--- Try it ---
When you reach the line holding "Mericaaaaaw Eagle Mullet" in the material below, return that line and each one after it, word for word, with the pictures dropped.

--- Information shown ---
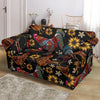 Farm Chicken Hen Flower Pattern Print Loveseat Cover-grizzshop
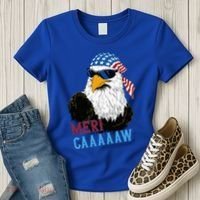 Mericaaaaaw Eagle Mullet Usa American Flag Women's T-Shirt thumb 3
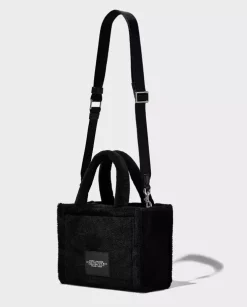 Czarna pluszowa torebka the Terry Small Tote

--- Task answer ---
 Mericaaaaaw Eagle Mullet Usa American Flag Women's T-Shirt thumb 3
 Czarna pluszowa torebka the Terry Small Tote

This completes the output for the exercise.